First, Caroline Casey put Ireland on the accessibility map. Now she's changing the global social landscape for people with disabilities.
Caroline Casey has dedicated the past decade of her life to changing how global society views people with disabilities. In 2000, she rode 1,000 kilometers across India on an elephant to raise funds for Sight Savers. Then, as founding CEO of Kanchi in Dublin, she developed a set of best practices (based on ISO 9000 quality standards) for businesses, to help them see "disabled" workers as an asset as opposed to a liability. Hundreds of companies have adopted the standards, changing their policies and attitudes.
In 2004, Casey started the O2 Ability Awards to recognize Irish businesses for their inclusion of people with disabilities, both as employees and customers. The initiative has received international praise and, in 2010, a parallel program was launched in Spain.

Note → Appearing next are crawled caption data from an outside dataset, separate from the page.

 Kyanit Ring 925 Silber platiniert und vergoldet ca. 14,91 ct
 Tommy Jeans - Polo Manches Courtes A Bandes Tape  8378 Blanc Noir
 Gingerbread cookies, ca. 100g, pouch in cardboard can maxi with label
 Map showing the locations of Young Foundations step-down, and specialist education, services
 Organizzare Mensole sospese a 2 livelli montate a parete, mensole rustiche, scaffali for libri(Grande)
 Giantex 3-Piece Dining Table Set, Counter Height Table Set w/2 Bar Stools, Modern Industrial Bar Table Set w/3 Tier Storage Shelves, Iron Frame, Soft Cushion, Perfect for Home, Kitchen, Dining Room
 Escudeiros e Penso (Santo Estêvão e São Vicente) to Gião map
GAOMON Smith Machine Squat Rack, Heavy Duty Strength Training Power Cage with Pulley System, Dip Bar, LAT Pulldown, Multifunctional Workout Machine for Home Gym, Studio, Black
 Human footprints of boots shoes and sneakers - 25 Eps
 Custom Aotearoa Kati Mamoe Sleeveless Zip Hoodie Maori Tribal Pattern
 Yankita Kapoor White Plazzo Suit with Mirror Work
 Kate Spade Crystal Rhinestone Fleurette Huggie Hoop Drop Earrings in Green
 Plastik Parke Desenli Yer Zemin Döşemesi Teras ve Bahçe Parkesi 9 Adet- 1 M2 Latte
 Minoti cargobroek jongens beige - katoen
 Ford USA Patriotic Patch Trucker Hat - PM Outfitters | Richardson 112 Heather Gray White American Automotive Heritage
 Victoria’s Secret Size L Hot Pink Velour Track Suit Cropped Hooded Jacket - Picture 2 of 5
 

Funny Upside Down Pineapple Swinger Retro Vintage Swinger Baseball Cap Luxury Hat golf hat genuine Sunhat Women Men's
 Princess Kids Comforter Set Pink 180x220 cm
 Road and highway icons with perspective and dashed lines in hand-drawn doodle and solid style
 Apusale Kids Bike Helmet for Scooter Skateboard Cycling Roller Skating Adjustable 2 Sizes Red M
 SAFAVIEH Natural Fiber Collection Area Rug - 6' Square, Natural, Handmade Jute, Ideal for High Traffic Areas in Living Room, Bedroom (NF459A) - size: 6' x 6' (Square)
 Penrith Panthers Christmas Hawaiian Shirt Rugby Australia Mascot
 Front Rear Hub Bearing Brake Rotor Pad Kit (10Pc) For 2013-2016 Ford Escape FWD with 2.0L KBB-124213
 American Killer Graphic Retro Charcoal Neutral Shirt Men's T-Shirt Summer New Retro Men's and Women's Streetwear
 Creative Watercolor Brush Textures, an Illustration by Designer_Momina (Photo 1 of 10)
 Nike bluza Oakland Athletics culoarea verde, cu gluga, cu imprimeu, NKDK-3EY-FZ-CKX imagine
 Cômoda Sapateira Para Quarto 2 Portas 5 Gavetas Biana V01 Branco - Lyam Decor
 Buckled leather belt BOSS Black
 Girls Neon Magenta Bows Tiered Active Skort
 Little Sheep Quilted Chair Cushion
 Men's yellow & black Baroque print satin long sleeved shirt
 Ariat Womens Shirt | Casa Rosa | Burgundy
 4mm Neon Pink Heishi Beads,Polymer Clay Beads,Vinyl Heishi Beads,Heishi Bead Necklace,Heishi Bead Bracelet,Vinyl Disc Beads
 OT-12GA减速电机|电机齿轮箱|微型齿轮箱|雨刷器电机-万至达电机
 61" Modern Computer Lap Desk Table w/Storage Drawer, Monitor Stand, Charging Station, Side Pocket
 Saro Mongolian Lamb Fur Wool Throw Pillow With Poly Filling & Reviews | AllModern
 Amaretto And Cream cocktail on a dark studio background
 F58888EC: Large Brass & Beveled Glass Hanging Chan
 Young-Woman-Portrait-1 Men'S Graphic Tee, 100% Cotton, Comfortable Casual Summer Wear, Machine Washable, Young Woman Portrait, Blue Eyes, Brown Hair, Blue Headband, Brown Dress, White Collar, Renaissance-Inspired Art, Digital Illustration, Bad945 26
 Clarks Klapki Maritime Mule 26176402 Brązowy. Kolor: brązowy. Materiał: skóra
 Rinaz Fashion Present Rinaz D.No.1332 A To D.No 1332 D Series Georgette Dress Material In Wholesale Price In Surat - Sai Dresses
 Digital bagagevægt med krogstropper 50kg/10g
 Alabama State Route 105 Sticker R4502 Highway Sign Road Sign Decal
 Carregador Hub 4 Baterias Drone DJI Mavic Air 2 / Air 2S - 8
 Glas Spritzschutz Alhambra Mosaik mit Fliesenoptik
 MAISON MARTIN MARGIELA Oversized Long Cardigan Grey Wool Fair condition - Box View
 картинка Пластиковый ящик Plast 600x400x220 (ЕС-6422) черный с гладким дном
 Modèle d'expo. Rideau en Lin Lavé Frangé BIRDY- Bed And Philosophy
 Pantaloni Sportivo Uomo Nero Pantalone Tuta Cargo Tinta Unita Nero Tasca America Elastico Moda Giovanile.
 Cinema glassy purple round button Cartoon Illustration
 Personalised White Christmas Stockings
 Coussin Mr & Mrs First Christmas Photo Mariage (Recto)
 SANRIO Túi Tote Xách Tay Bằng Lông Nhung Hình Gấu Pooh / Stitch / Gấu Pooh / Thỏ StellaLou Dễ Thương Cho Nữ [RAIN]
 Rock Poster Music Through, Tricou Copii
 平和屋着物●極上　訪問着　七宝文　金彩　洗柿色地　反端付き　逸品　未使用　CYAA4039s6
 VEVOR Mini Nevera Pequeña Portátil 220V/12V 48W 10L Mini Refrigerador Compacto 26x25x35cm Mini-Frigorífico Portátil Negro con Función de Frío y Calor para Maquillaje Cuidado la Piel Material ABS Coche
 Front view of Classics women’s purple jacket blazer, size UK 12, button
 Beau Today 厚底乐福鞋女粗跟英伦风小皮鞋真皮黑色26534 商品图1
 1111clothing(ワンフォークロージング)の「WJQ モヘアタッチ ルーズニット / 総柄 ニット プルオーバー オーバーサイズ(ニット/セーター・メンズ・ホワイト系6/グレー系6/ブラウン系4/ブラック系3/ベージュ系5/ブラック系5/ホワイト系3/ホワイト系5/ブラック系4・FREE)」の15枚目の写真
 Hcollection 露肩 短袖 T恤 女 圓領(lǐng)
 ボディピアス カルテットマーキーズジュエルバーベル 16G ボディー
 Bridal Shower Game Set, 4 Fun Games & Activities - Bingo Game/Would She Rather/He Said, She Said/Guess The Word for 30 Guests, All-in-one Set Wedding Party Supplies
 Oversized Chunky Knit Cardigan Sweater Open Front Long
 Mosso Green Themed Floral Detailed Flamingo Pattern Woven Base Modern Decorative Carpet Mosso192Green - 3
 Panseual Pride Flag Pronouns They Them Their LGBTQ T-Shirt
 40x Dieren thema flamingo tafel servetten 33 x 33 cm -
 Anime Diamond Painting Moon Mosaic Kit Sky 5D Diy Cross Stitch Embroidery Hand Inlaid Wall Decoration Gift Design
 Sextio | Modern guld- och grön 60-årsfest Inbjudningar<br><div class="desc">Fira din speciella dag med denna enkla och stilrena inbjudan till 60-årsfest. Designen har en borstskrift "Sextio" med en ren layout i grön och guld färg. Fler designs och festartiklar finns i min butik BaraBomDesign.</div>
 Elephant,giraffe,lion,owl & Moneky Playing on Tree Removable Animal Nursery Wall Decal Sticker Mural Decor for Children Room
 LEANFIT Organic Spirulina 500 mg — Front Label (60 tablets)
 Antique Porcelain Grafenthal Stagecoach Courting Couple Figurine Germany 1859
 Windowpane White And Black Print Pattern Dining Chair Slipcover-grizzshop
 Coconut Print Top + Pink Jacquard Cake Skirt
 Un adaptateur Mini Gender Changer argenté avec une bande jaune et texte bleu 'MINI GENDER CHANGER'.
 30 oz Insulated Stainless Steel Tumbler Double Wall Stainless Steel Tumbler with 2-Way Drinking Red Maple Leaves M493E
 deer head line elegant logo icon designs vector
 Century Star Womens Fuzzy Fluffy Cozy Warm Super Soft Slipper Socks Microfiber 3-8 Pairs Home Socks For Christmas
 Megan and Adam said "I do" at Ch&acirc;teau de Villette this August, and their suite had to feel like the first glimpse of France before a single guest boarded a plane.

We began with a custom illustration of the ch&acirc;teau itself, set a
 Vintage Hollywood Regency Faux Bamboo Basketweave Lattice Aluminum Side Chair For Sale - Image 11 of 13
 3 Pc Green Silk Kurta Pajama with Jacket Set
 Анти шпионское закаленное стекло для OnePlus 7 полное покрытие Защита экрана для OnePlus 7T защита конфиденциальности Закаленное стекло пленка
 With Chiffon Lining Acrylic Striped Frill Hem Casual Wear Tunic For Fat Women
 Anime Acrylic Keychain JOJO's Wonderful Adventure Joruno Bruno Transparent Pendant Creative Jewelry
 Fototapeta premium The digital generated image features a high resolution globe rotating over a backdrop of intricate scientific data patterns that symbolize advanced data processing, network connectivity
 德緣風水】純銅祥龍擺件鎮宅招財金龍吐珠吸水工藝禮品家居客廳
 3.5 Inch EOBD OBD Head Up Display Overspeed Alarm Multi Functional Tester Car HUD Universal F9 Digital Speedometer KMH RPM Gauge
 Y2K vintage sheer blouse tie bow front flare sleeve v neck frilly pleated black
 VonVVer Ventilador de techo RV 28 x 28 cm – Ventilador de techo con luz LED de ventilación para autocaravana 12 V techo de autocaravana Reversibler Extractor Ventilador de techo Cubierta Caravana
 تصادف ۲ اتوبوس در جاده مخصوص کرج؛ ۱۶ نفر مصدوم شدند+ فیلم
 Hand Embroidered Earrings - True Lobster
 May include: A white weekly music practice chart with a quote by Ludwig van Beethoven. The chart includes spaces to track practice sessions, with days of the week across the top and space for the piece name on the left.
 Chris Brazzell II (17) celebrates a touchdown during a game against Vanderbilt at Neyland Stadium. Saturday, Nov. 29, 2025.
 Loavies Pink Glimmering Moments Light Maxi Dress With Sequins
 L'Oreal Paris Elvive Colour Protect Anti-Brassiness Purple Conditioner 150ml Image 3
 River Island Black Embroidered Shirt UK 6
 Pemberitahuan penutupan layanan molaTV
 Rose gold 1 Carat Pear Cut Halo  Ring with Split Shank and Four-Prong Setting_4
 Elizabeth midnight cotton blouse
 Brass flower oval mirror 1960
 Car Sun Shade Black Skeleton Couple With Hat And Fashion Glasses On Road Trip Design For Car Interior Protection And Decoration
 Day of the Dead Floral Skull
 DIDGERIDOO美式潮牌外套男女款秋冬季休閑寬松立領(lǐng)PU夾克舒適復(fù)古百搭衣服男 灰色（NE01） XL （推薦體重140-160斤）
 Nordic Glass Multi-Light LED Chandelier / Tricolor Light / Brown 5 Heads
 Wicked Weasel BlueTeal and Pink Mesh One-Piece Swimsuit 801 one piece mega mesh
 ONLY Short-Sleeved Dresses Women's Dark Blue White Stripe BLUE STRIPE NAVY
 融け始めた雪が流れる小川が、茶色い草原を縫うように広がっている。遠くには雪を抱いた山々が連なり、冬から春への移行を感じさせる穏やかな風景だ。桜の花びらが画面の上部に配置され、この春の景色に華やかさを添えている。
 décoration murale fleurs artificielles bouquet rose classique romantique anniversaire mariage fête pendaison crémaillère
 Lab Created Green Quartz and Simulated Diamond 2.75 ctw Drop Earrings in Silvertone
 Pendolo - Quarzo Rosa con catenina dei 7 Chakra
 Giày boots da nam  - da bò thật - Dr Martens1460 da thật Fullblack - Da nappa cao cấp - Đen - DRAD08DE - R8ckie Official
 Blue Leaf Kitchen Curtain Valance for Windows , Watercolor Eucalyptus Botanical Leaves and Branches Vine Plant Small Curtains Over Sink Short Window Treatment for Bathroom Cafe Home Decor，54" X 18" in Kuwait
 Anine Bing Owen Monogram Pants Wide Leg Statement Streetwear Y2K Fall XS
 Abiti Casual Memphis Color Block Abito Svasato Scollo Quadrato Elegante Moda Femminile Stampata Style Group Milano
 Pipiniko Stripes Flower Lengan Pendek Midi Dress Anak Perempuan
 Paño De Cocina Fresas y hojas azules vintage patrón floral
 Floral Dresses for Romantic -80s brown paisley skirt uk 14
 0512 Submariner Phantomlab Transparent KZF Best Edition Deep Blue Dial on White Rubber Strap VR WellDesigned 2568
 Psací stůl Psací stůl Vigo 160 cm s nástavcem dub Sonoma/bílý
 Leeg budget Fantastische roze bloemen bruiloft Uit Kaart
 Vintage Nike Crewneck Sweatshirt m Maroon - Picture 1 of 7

"She is one of those people who, instead of just talking about changing the world, gets up and actually does it however tough the doing of it turns out to be. "The Irish Times
“Stop with the labels … because we are not jam jars; we are extraordinary, different, wonderful people.”
“Every single one of us — woman, man, gay, straight, disabled, perfect, normal, whatever — everyone of us must be the very best of ourselves.”
“I never needed eyes to see — never. I simply needed vision and belief.”